BRIEF
Images do not belong in the copy. Retype all the entries below exactly.

DATA FOR THIS EXERCISE
.....

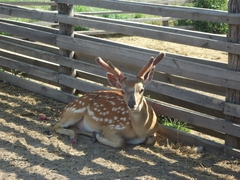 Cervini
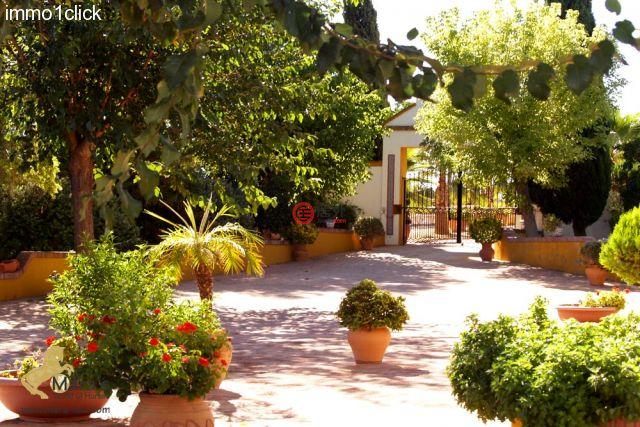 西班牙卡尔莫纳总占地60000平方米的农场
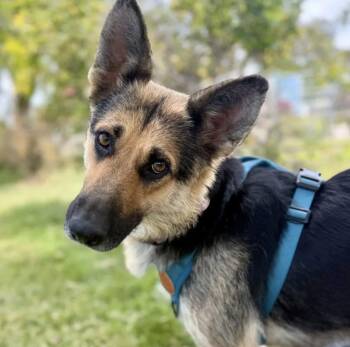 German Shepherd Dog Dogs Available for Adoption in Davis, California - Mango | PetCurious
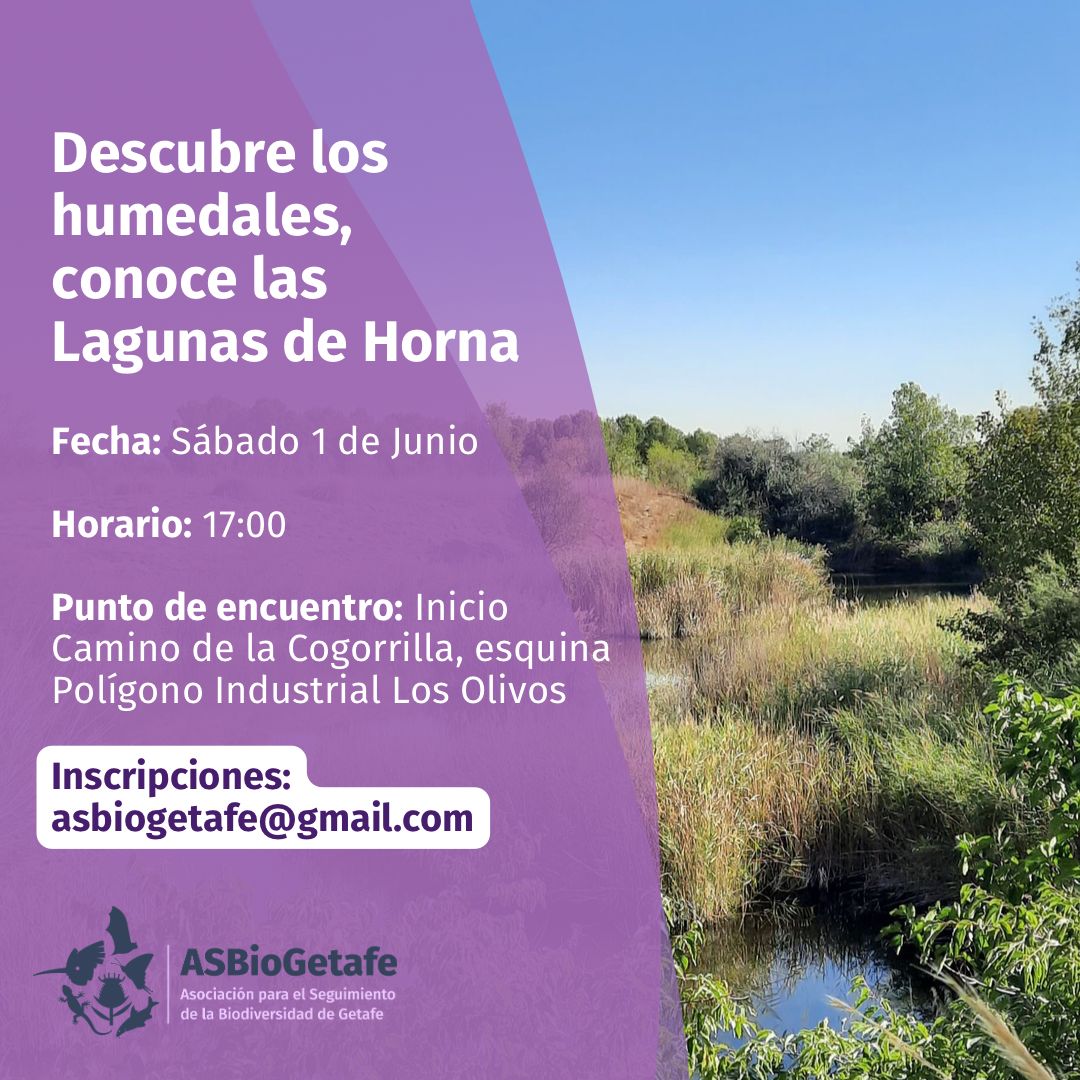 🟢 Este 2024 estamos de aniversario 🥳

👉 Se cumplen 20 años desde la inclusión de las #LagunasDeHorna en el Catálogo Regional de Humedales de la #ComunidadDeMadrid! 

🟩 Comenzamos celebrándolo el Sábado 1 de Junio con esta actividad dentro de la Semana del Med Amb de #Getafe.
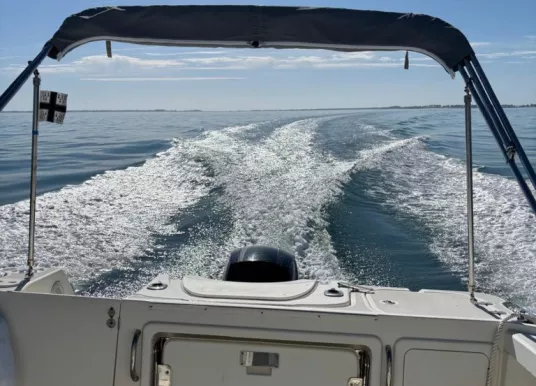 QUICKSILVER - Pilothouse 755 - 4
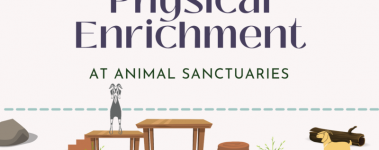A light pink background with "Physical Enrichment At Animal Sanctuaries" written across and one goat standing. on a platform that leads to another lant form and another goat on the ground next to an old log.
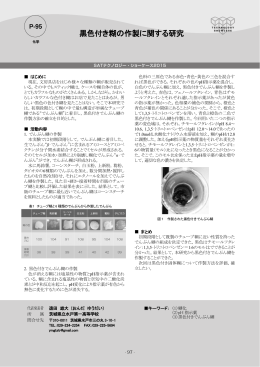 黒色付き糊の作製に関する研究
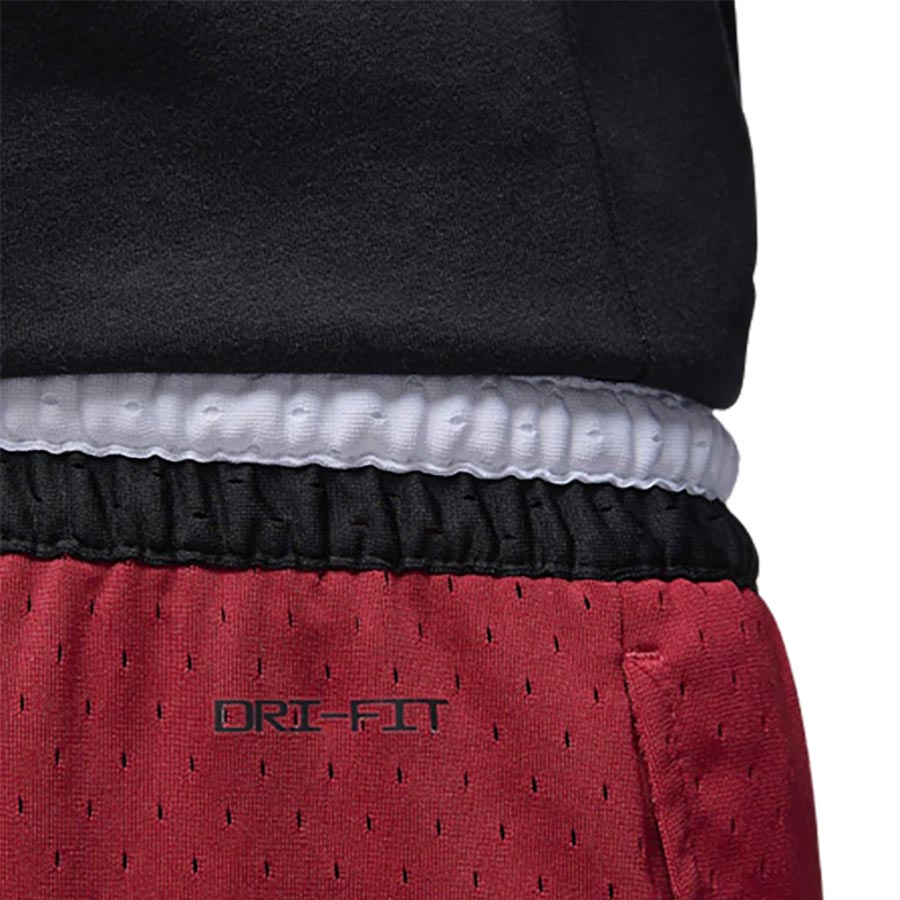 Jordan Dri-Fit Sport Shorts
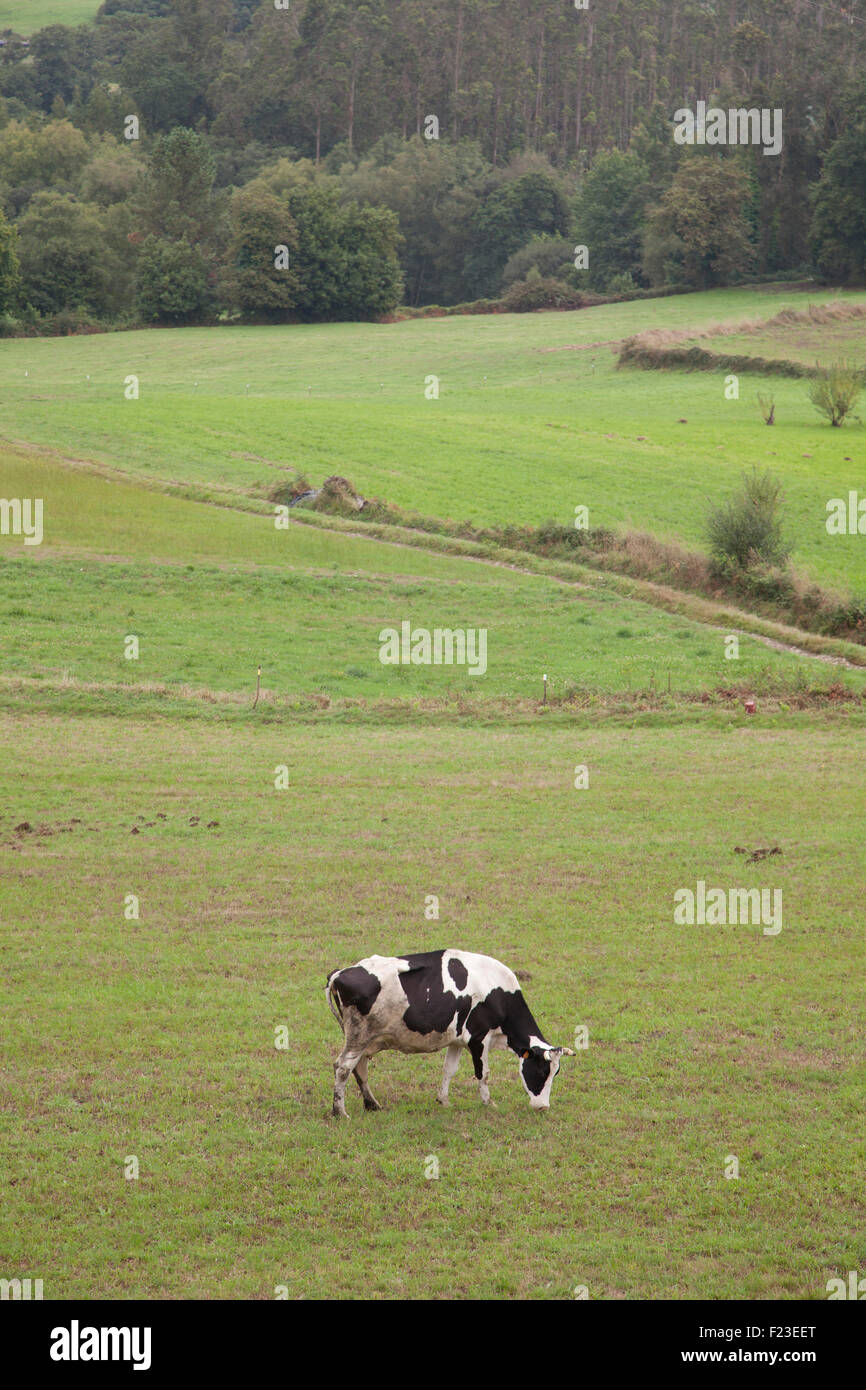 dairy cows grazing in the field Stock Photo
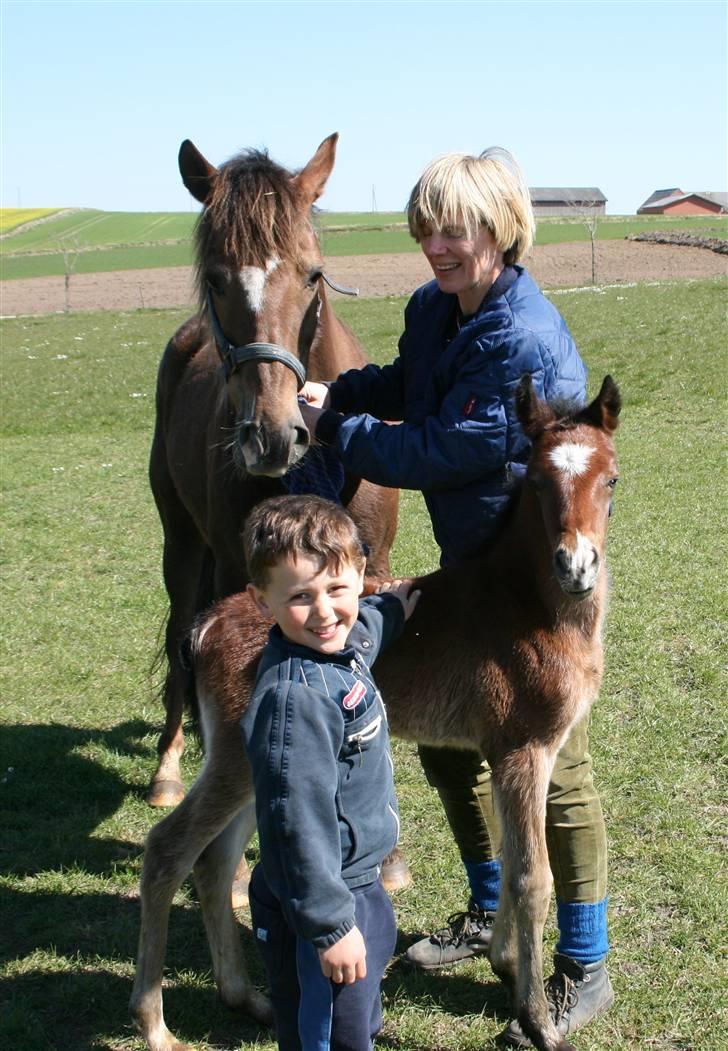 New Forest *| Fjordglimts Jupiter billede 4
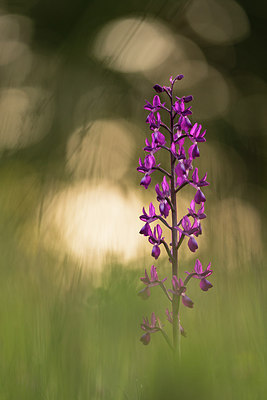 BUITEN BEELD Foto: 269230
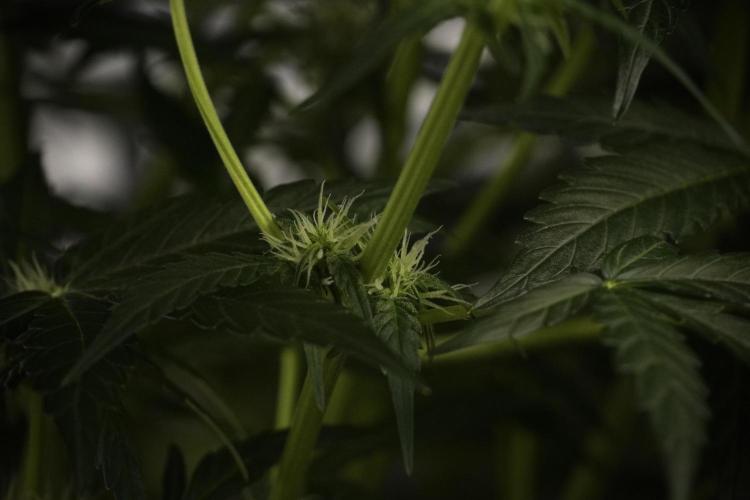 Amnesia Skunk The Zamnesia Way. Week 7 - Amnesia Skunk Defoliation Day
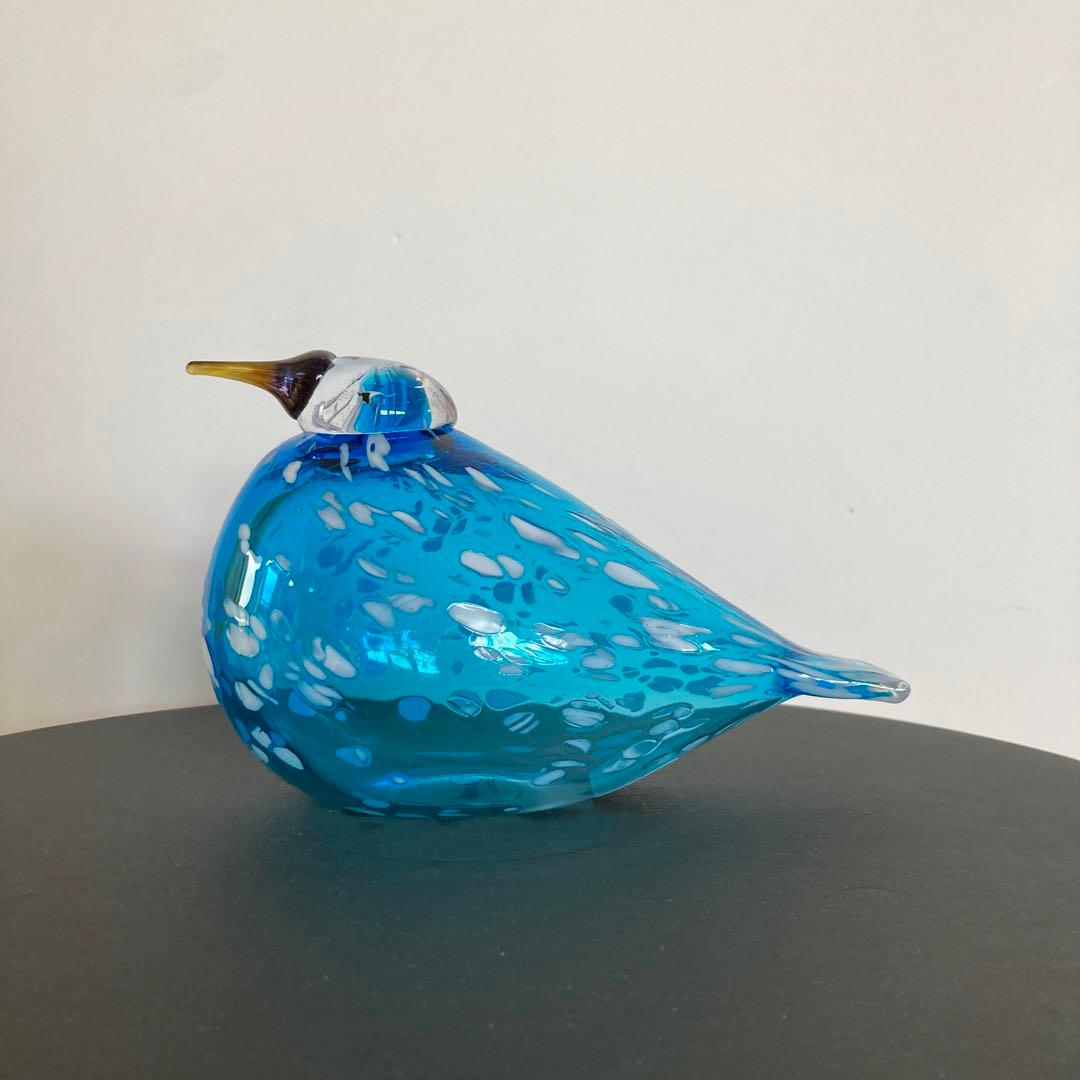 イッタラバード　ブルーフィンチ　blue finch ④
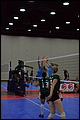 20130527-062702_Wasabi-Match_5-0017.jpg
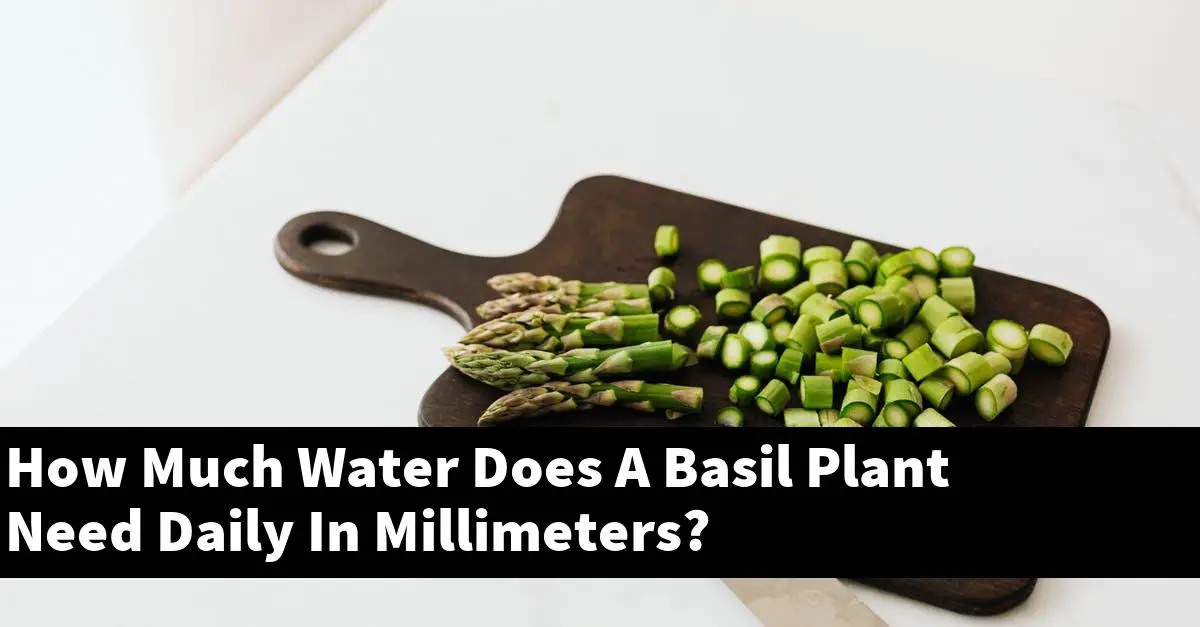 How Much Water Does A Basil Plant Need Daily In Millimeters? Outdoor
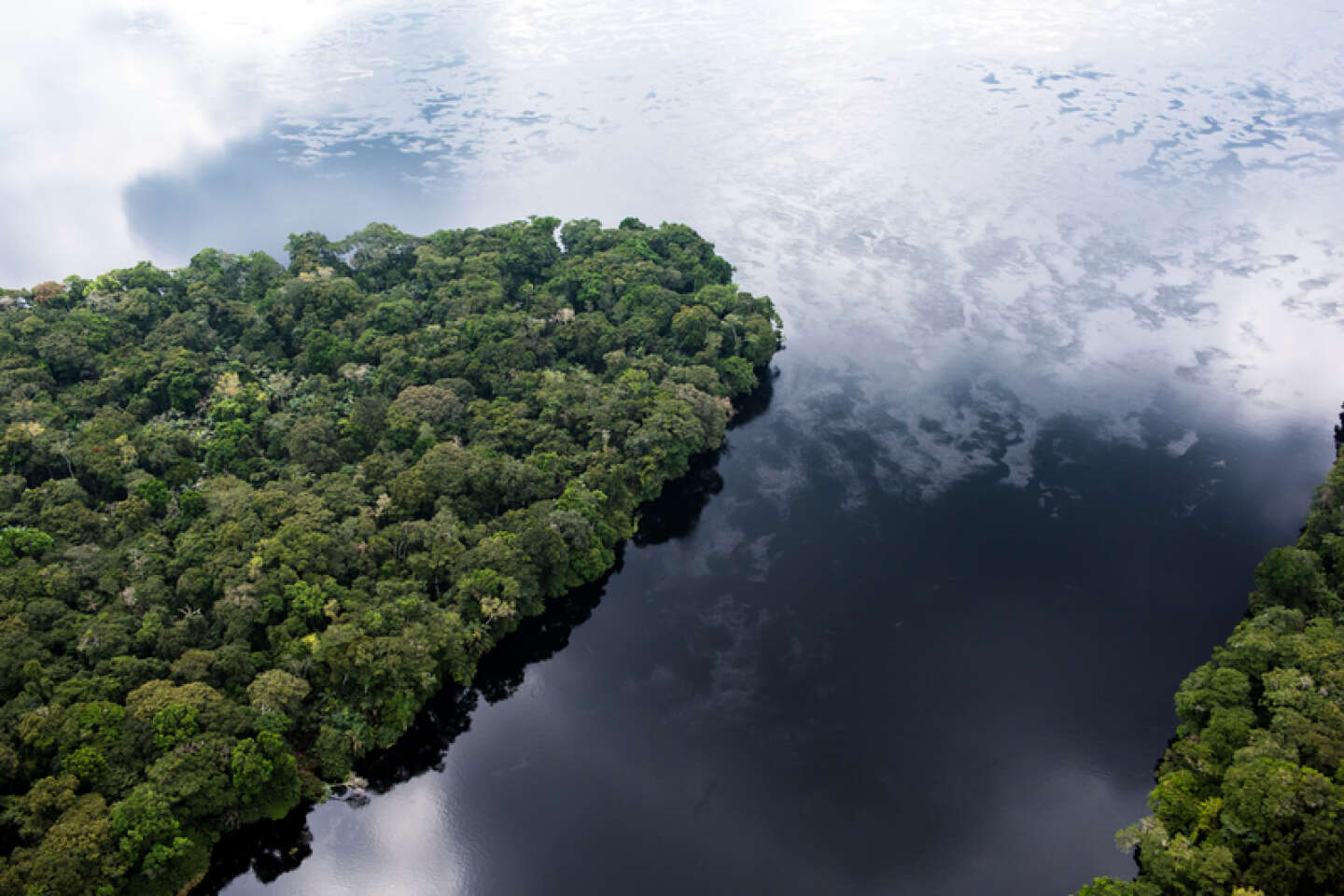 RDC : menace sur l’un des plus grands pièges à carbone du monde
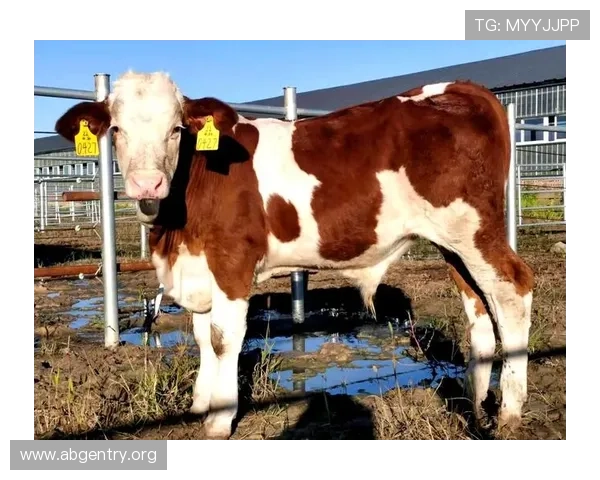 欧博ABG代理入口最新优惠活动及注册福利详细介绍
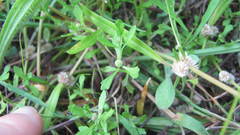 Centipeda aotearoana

.....

SOLVED PROBLEM
 Cervini
 西班牙卡尔莫纳总占地60000平方米的农场
 German Shepherd Dog Dogs Available for Adoption in Davis, California - Mango | PetCurious
 🟢 Este 2024 estamos de aniversario 🥳

👉 Se cumplen 20 años desde la inclusión de las #LagunasDeHorna en el Catálogo Regional de Humedales de la #ComunidadDeMadrid! 

🟩 Comenzamos celebrándolo el Sábado 1 de Junio con esta actividad dentro de la Semana del Med Amb de #Getafe.
 QUICKSILVER - Pilothouse 755 - 4
A light pink background with "Physical Enrichment At Animal Sanctuaries" written across and one goat standing. on a platform that leads to another lant form and another goat on the ground next to an old log.
 黒色付き糊の作製に関する研究
 Jordan Dri-Fit Sport Shorts
 dairy cows grazing in the field Stock Photo
 New Forest *| Fjordglimts Jupiter billede 4
 BUITEN BEELD Foto: 269230
 Amnesia Skunk The Zamnesia Way. Week 7 - Amnesia Skunk Defoliation Day
 イッタラバード　ブルーフィンチ　blue finch ④
 20130527-062702_Wasabi-Match_5-0017.jpg
 How Much Water Does A Basil Plant Need Daily In Millimeters? Outdoor
 RDC : menace sur l’un des plus grands pièges à carbone du monde
 欧博ABG代理入口最新优惠活动及注册福利详细介绍
 Centipeda aotearoana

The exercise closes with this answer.